Opinión

En “la larga y angosta faja de envidia”

Son ya 90 años de “La chica del Crillón” (1935), una de las mejores novelas chilenas y en habla española. Su escritura no es difícil ni tonta, sino clara, ingeniosa y nunca trivial, como esa antigua que sigue comunicando 3.000 años después.

Su autor, Joaquín Edwards Bello, recurrió al clásico: una mujer dejó este manuscrito en mi oficina y yo cumplo con darlo a la prensa. El escritor no subestimó a sus lectores simulando exactamente la voz de su protagonista, sino que honestamente se disfrazó a medias de la primera persona y salpicó el texto de sus típicas observaciones magistrales.

La novela trata de una joven aristocrática, momentáneamente en duros aprietos económicos, los que podrían haberla precipitado en esa escasez que transforma el pasado esplendor en una suerte de imprecisa mitología social. Su nombre: Teresa Iturrigorriaga (así, con erres y guturalizaciones de principio a fin).

Su padre, que supuestamente mantiene un pleito por una mina de carbón, vive enfermo y escapando de la humilde morada que comparte con Teresa y una empleada milenaria, de esas nanas de la tragedia griega.

Su hija concurre al Crillón donde se codea con los frívolos del momento y también con los siúticos que le cuentan, a pretexto de ayuda, que sus axilas huelen mal. La joven se siente humillada, sale corriendo, vaga por la noche de Santiago. La señora Rubilar, una ricachona de aquellas que mantienen encendido el radar de los sentimientos nobles, la acompaña en cicatrizar esta herida y le instala un baño en la casa.

La chica del Crillón se hará rica cuando herede el patrimonio de una especie de regenta de prostíbulo, o de pensión de artistas, quién sabe, amante de su padre. Y en una escena que juega con “El Jugador” de Dostoievski, Teresa visita Viña del Mar, entra en su casino, apuesta varias veces al cero, gana, gana, gana y reparte fichas y dinero, el sueño de todo ludópata cristiano. También a la pareja de su enamorado en apuros financieros, Gastón, un diplomático extranjero, en un gesto exquisitamente vengativo de Eugenia Grandet.
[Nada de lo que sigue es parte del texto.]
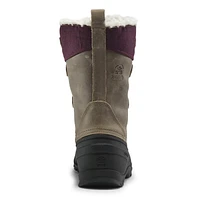 Women's Snowgem Premium Waterproof Winter Boot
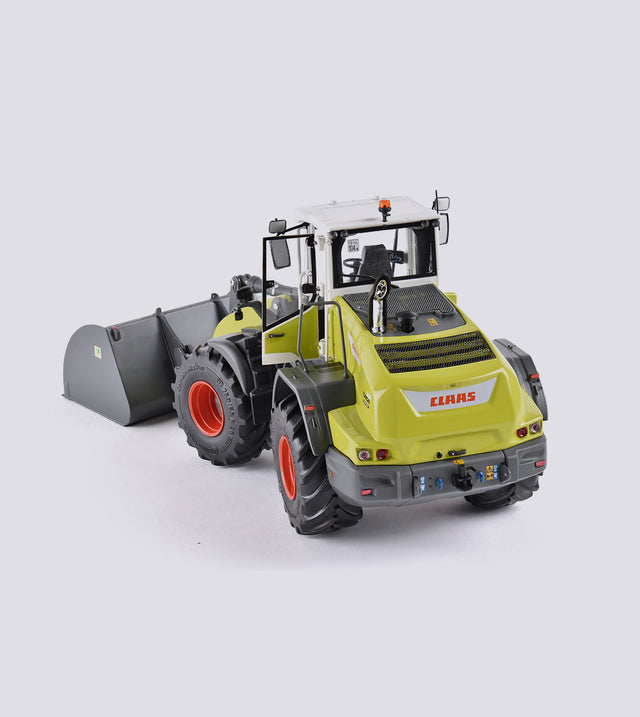 Claas Torion 1611 mit Bressel & Lade Schaufel (1:32)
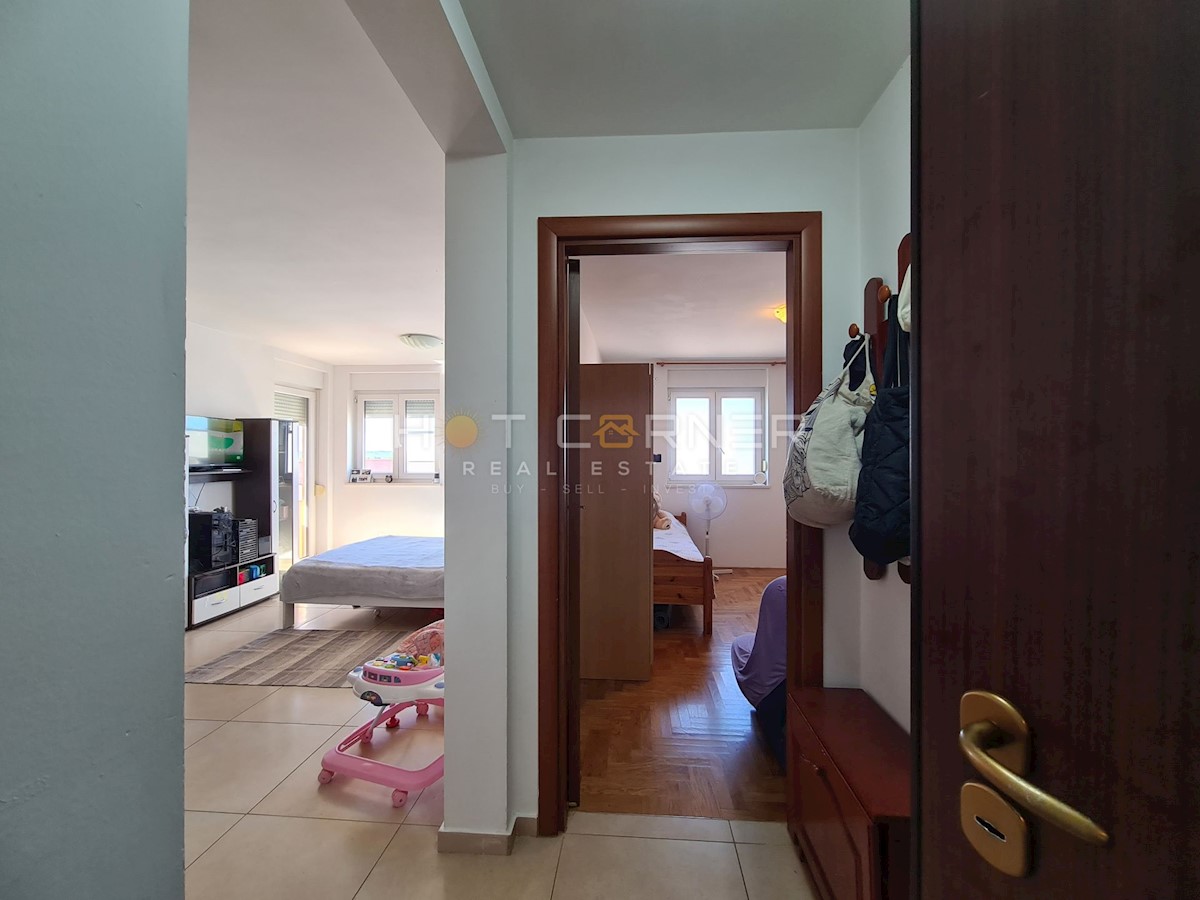 Appartamento Štinjan, Pula, 46,50m2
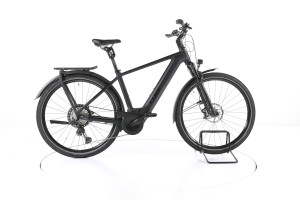 Cube Kathmandu Hybrid SLT Trekking E-Bike - S / 50 cm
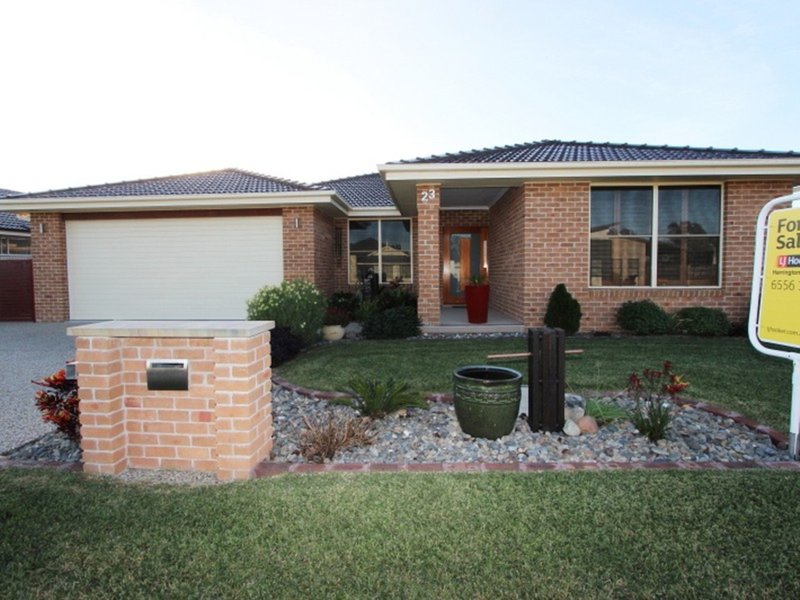 Photo - 23 Diamantina Circuit, Harrington NSW 2427 - Image 19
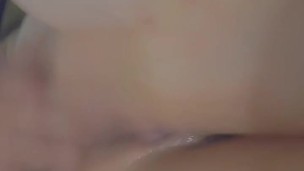 Onlyfans star wetmickie squirting after fan creampie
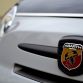 Abarth 595 Competizione 25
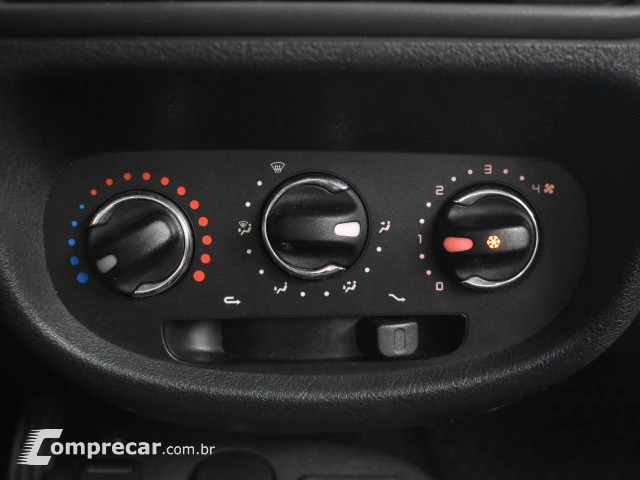 CLIO HATCH - 1.0 EXPRESSION 16V 4P MANUAL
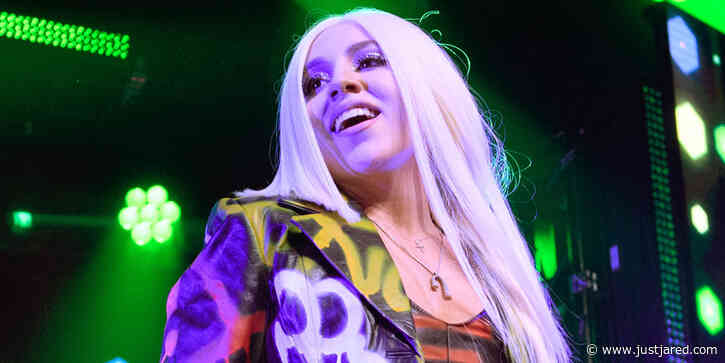 Ava Max Debuts New Song 'OMG What's Happening' - Listen & Read the Lyrics!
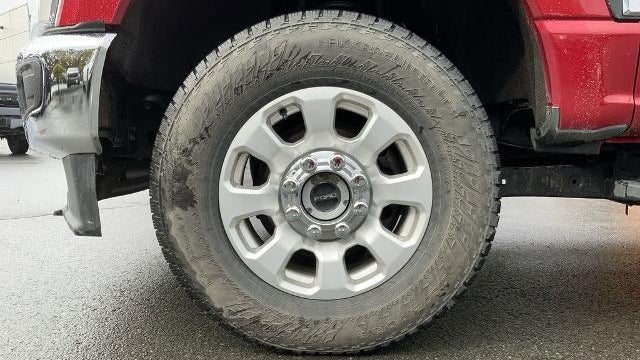 2023 Ford F-350 Super Duty XL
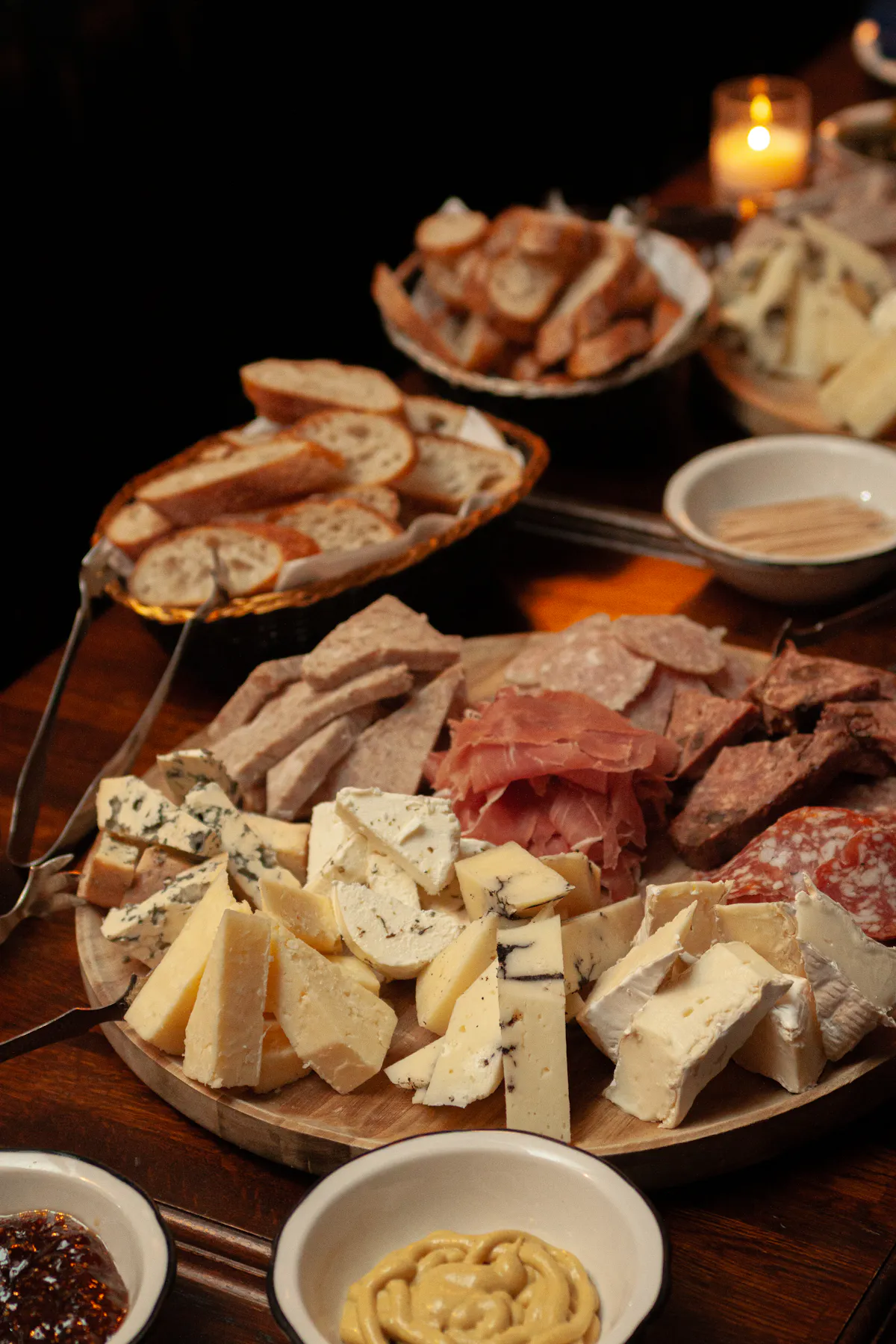Best Charcuterie Board Washington D.C
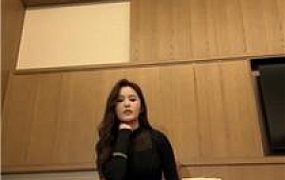 【阿芙乐尔】车模S-高跟黑丝虐杀 bf52122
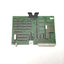 Used ARBURG Dialogica S-N 95.901 NR.00126 & S-N 95.897 NR.00083 258H Video Card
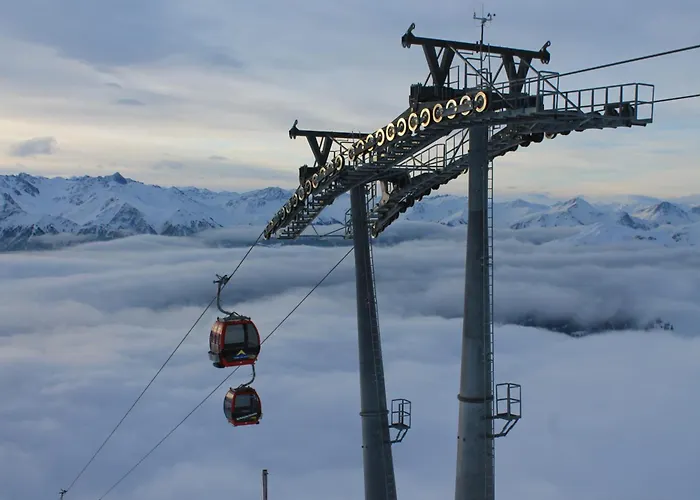 Апартаменты Bella Vista Apart *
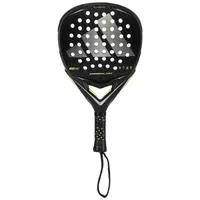 Adidas Arrow Hit 2026 Padelschläger schwarz|grau No Size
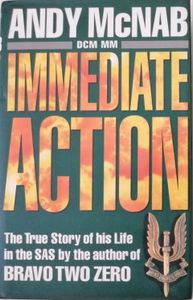 Immediate Action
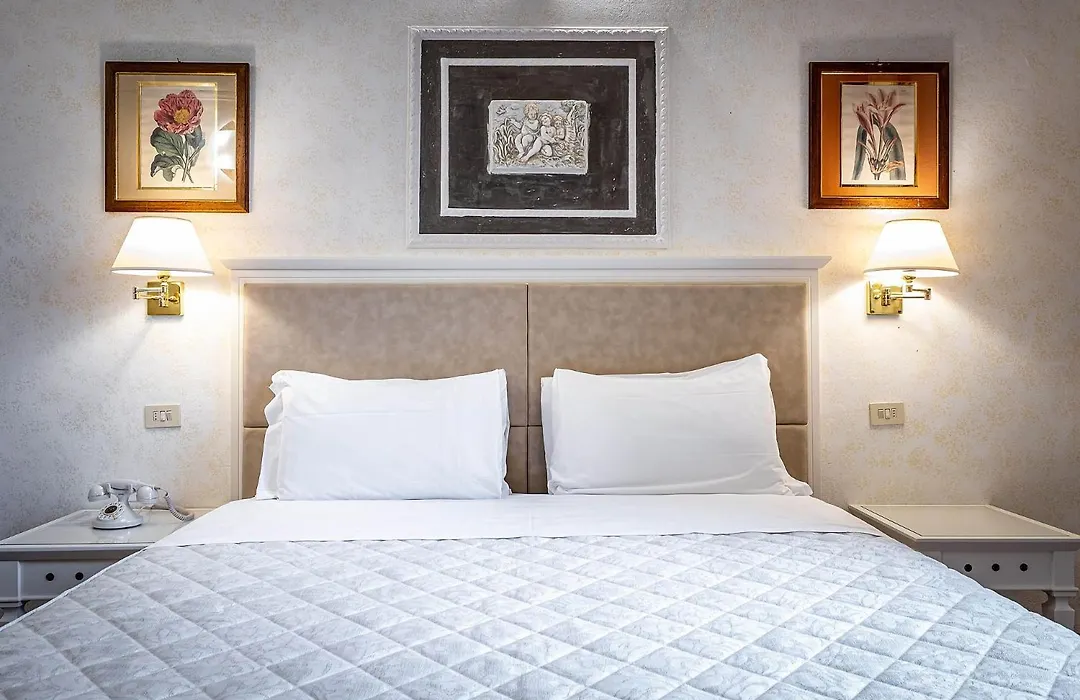 Hotel Alessandra-1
Enterados de la plata, reaparecen parientes mejor posicionados que se habían olvidado convenientemente de ella, y la sometían a un vínculo ambiguo, que solo se confesaba muy en privado.

Durante los levantamientos de Lonquimay, viaja al minifundo que le había heredado la entrañable cabrona y se casa con un hacendado vecino, pariente lejano.

Aún pobre como ratón, Teresa iba con una alcancía por la calle en la colecta para los tuberculosos. Recibía grandes billetes que, intuía, eran en realidad para ella, pero los empujaba hacia dentro por la ranura. Pues “Las revoluciones ideológicas han desacreditado a la clase alta, quitándole medios para demostrar que todavía sirve para algo”.

Y todavía más pobre, el típico estudiante rubio revolucionario la latea con sus keywords: el pueblo y la oligarquía. Teresa bosteza y refuta la lucha de clases: “Andando por estas calles, los veo cómo beben o bailan en los cabarets [a los obreros]; y yo apenas he comido, y no me dan deseos de pegarles”.